1. Melewatkan sarapan
Ada banyak bahaya tidak sarapan, diabetes, gastritis, kolesistitis, batu empedu, dan penyakit pencernaan lainnya yang berhubungan dengan tidak sarapan, tetapi hanya sedikit orang yang tahu bahwa tidak sarapan juga merupakan salah satu penyebab penyakit tiroid.
Kelenjar tiroid bertanggung jawab atas metabolisme energi seluruh tubuh, di pagi hari tubuh dalam kondisi metabolisme rendah, dan pekerjaan di pagi hari diperlukan untuk mengkonsumsi banyak energi dan nutrisi, begitu sarapan pagi tidak dimakan, fungsi tubuh dalam keadaan kekurangan nutrisi, kelenjar tiroid perlu membantu merobohkan tembok timur untuk menebus tembok barat, nutrisi dari tempat lain menjadi gula. Dalam jangka panjang, hal ini akan meningkatkan beban pada kelenjar tiroid, membentuk nodul, peradangan, tumor, dll.

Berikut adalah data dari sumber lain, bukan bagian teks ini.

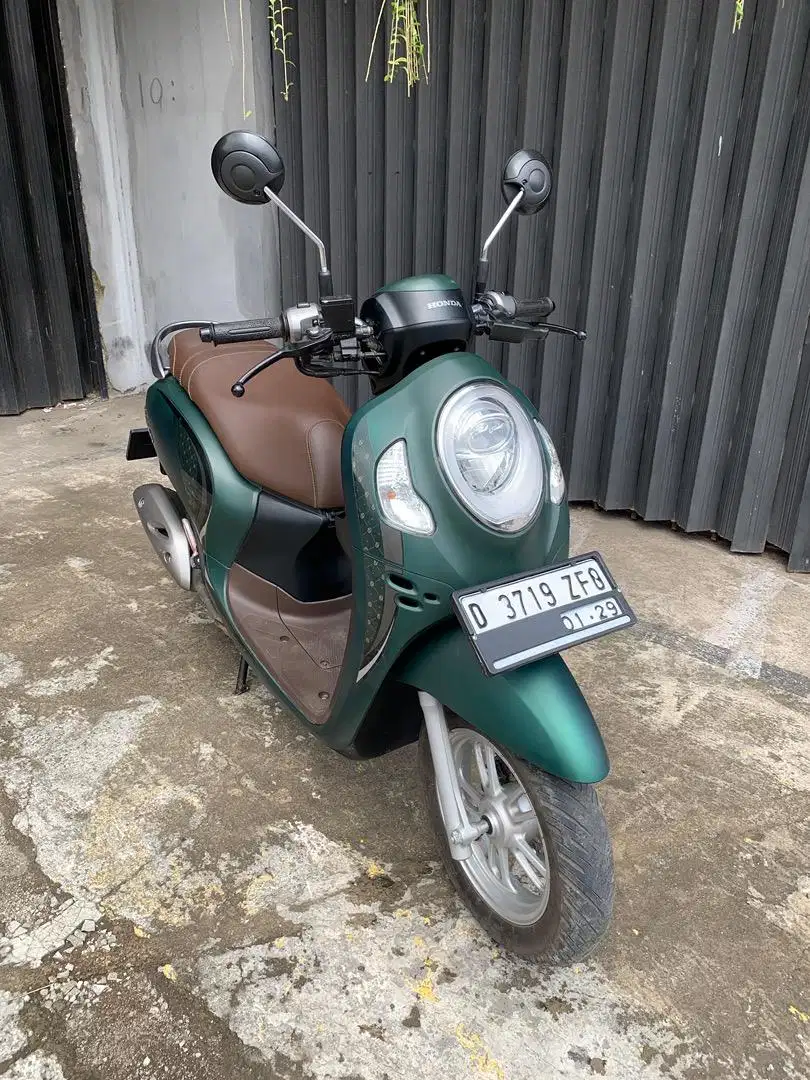 Honda New Scoopy Prestige thn 2023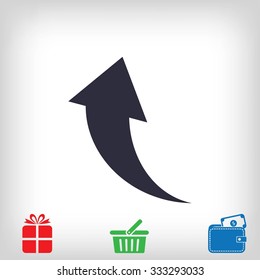 arrow icons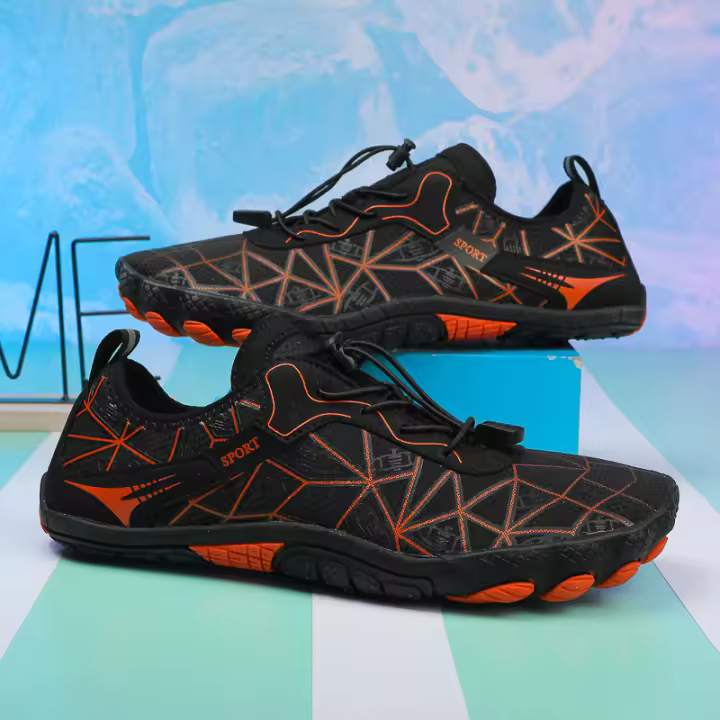 Zapatillas de Manga Multicolor Saguaro para Caminar Zapatos de Trekking Unisex para Natación, surf, acuática, fitness, para Mujer y Hombre - 1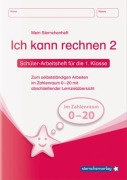 Cover-Bild zum Titel 'Ich kann rechnen 2. Schüler-Arbeitsheft für die 1. Klasse' von 'Katrin Langhans'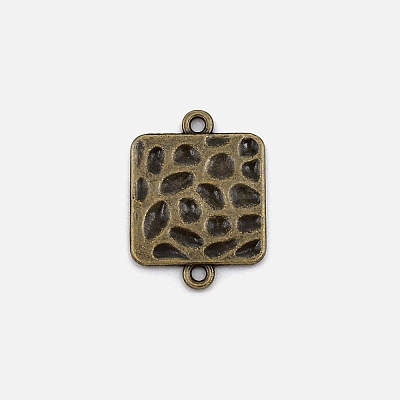 Tibetan Style Zinc Alloy Links Connectors FIND-WH0094-87AB-1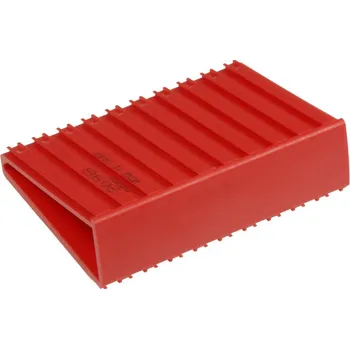 B2B Partner Klín 15° vnitřní, 100 x 75 x 30 mm, červená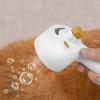 Cat Steam Brush - Self-Cleaning Comb view 4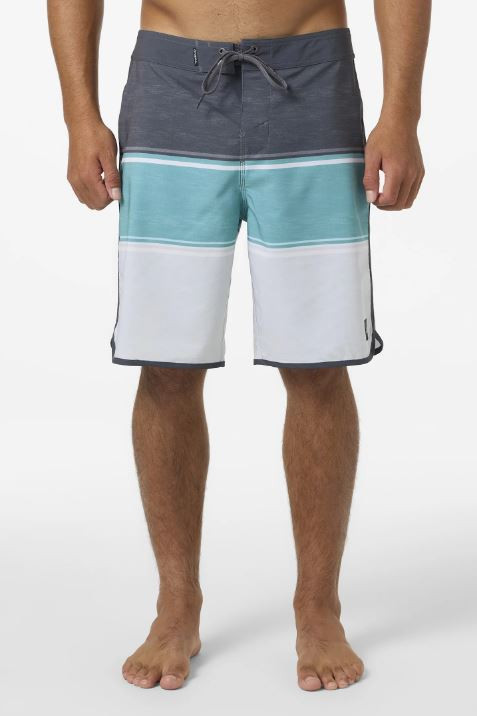 O'Neill Men's Lennox Scallop 19 inch Boardshort - High Mountain Sports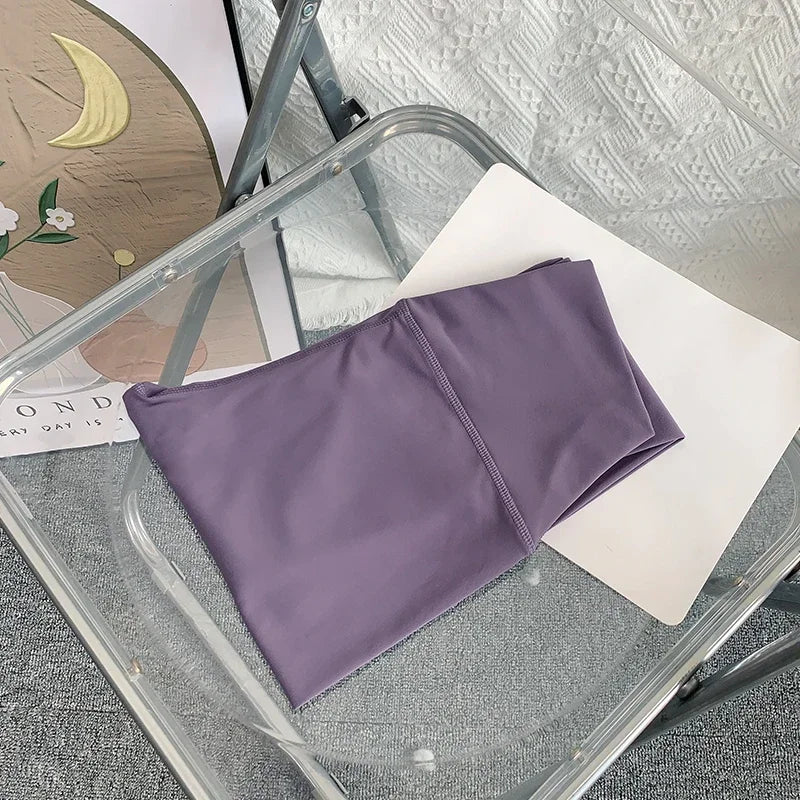 Luxencea™️ – High-Waist Seamless Ultra Soft Leggings
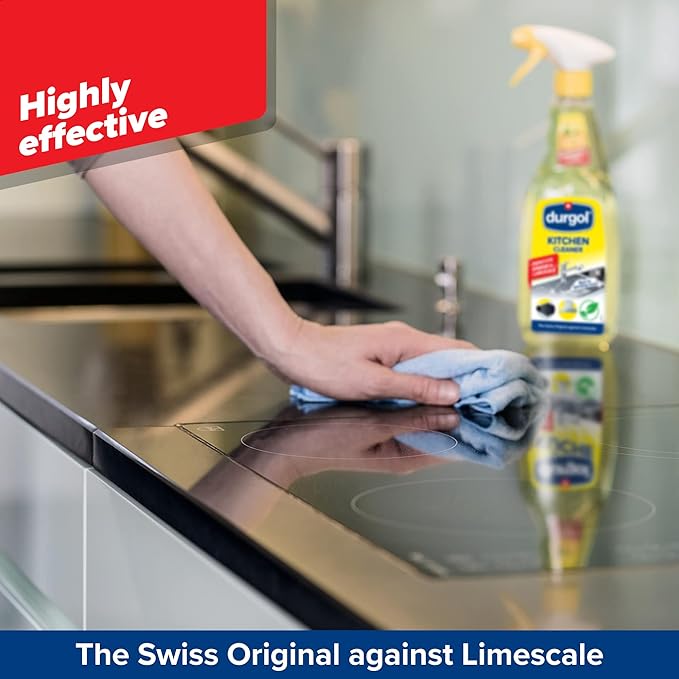 Durgol Kitchen Cleaner and Descaler, 16.9 Ounce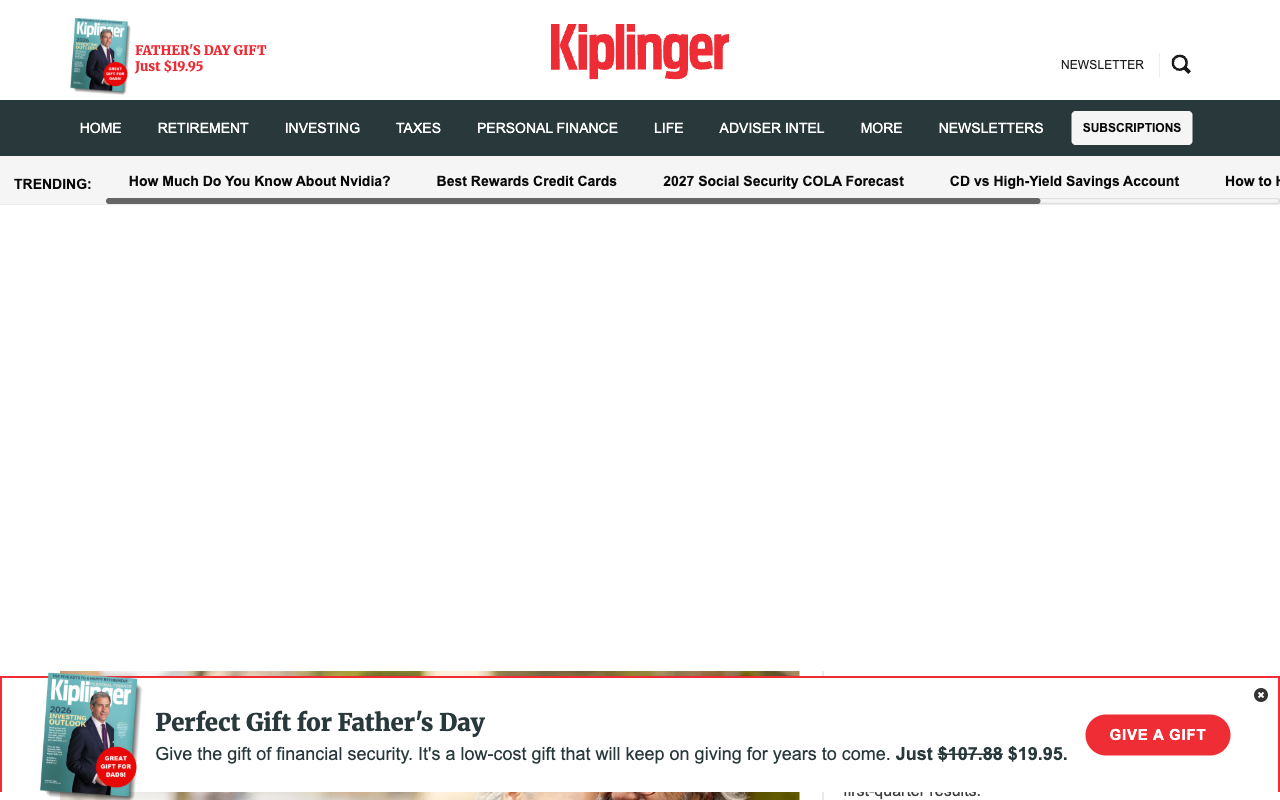 Kiplinger Personal Finance magazine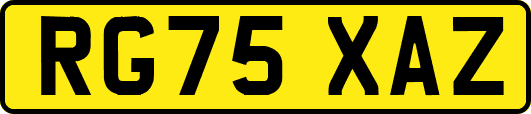 RG75XAZ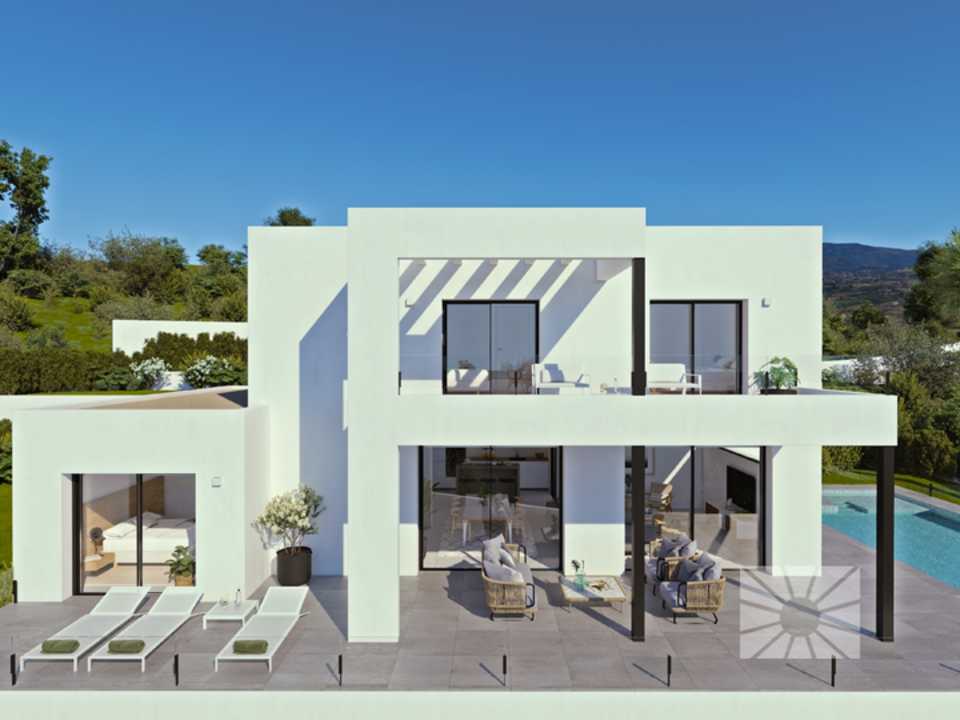 <h1>Magnolias For Life Cumbre del Sol Moderne Villa Zum verkauf modell Milan</h1>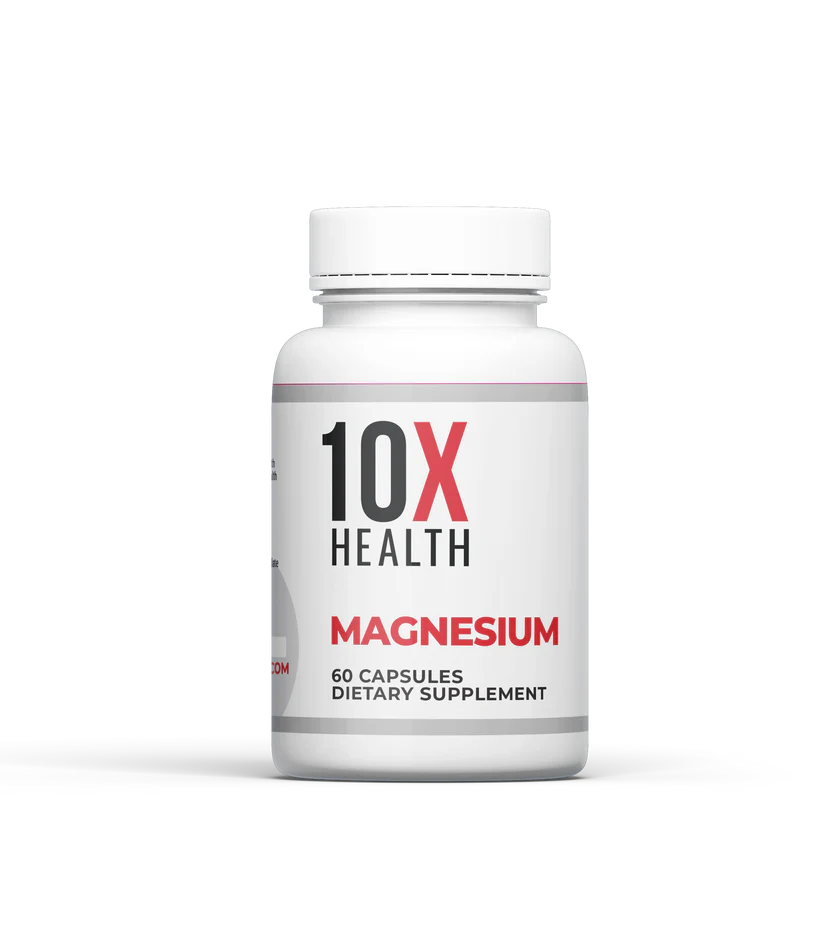 10X Health Magnesium Supplement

2, jangan makan makanan pokok
Baru-baru ini, saya telah melihat banyak pasien tiroid yang tidak makan makanan pokok, beberapa karena ingin menurunkan berat badan, yang lain karena mereka menderita diabetes dan diminta untuk tidak makan makanan pokok.
Tiga nutrisi utama dalam tubuh adalah karbohidrat, protein, dan lemak, yang sangat penting untuk kelangsungan hidup. Dari jumlah tersebut, karbohidrat adalah yang paling produktif, dengan sekitar 60% energi tubuh berasal dari karbohidrat. Setelah asupan makanan pokok berkurang, semua organ internal akan kekurangan energi, dan tubuh manusia akan memberikan umpan balik untuk memerintahkan kelenjar tiroid bekerja lebih banyak, mengubah protein dan lemak lain menjadi gula dengan cepat untuk memasok ke tempat yang paling dibutuhkan (terutama otak), dan sel-sel tiroid yang bekerja lembur setiap hari juga akan mogok kerja dan jatuh sakit dari waktu ke waktu, memprotes tubuh.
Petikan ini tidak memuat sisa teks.